“Artificial Intelligence and Art: Identifying the Esthetic Judgment Factors That Distinguish Human & Machine-Generated Artwork”, Andrew Samo, Scott Highhouse2023-06 (, , , )⁠:

Artistic creation has traditionally been thought to be a uniquely human ability. Recent advancements in artificial intelligence (AI), however, have enabled algorithms to create art that is nearly indistinguishable from human artwork.

Existing research suggests that people have a bias against AI artwork but cannot accurately identify it in blind comparisons. The current study extends this investigation to examine the esthetic judgment factors differentiating human and machine art.

Results: indicate that people are unable to accurately identify artwork source but prefer human art and experience more positive emotions in response to human artwork. The esthetic judgment factors differentiating human & machine-generated art were all related to positive emotionality.

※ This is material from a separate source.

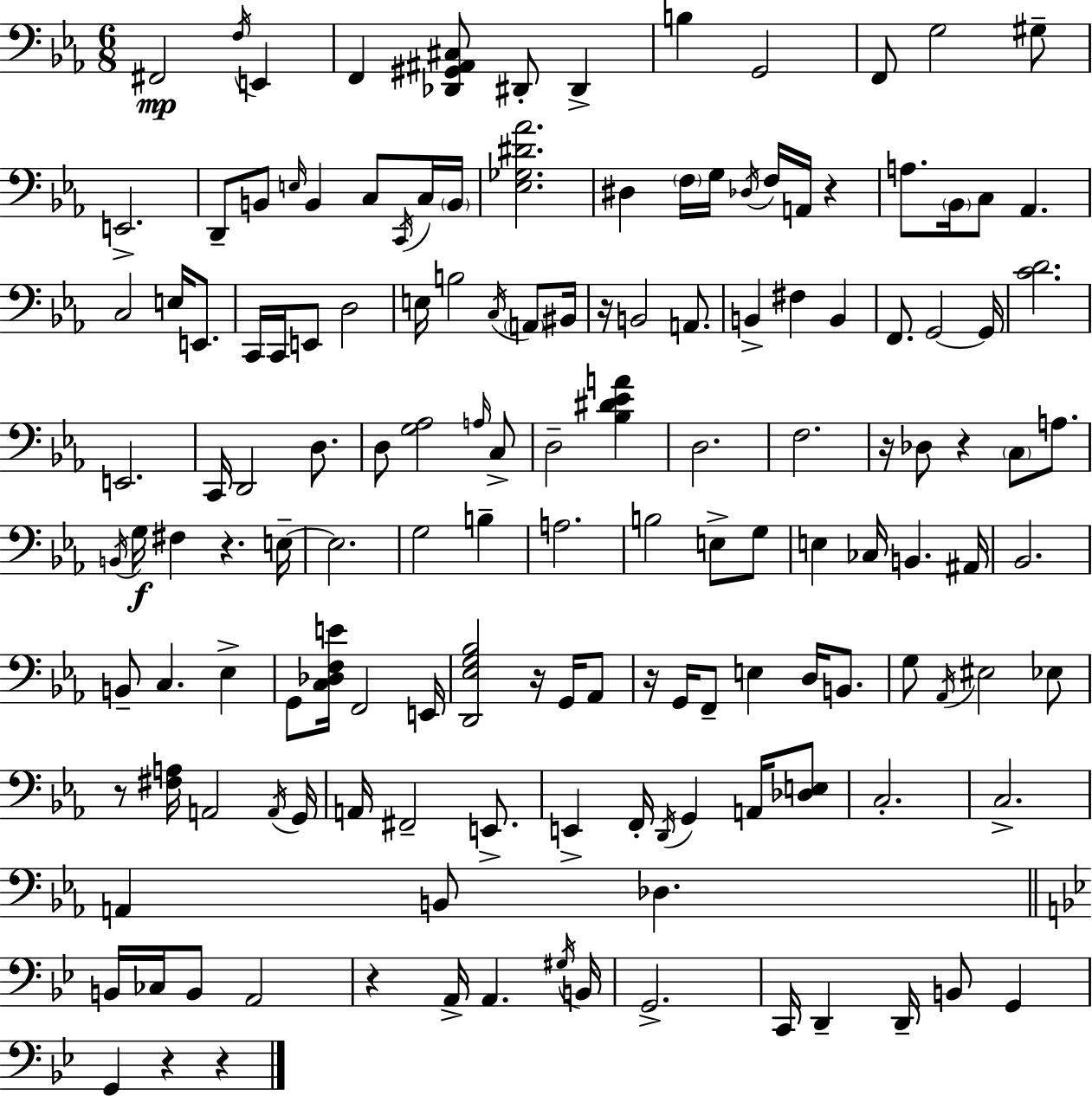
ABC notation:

This finding has several implications for this research area and limitation and avenues for future research are discussed.

[Keywords: esthetics, esthetic judgment, computational creativity, artificial intelligence art]

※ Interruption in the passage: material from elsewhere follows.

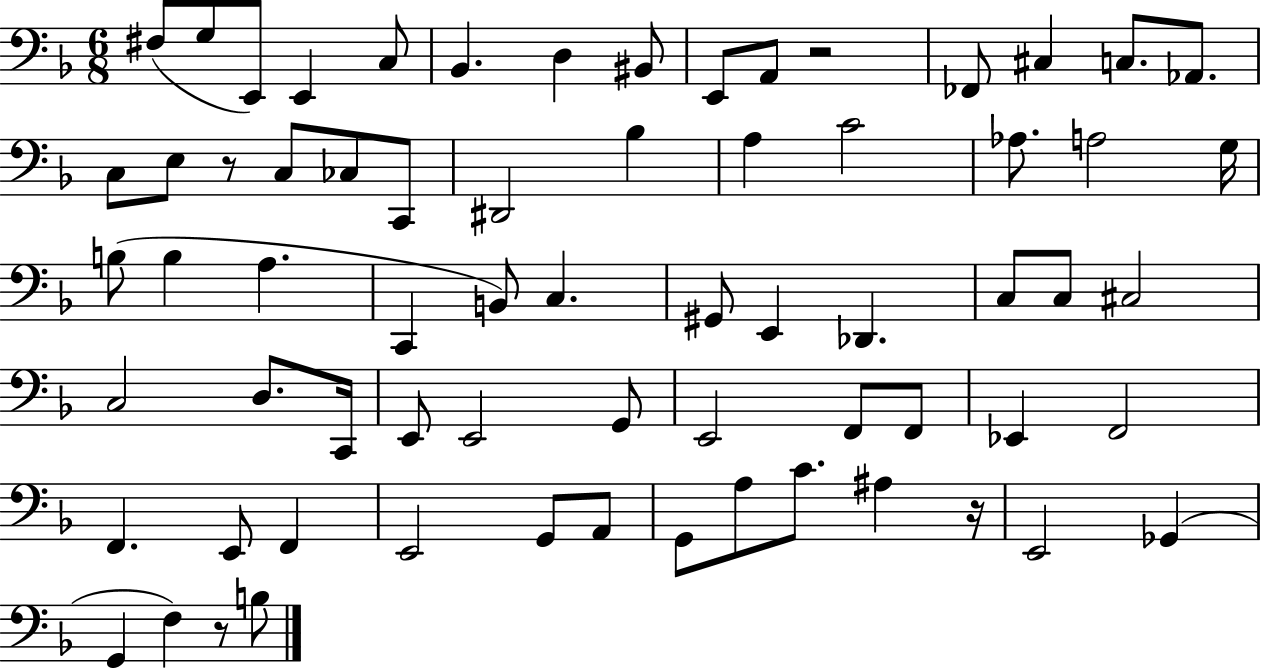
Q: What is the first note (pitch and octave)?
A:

…The machine-generated images were created using 5 different algorithms (ie. Ryan Murdock’s Aleph2Image [A2I] and The Big Sleep, Katherine Crowson’s Diffusion Model [DD; Crowson et al 2022], Justin Bennington’s S2ML, and DALL·E Mini [Dem] hosted on HuggingFace) with text prompts based on the titles of the human images (ie. “moonlight on the beach” and “lakeshore with reeds”). To reduce the total set of images to 20 (10 human and 10 machine) for the pilot study, the authors used a priori decision rules to standardize the image selection process. Finally, the 20 images were formatted for similar sizing (ie. 512 px along the smallest dimension).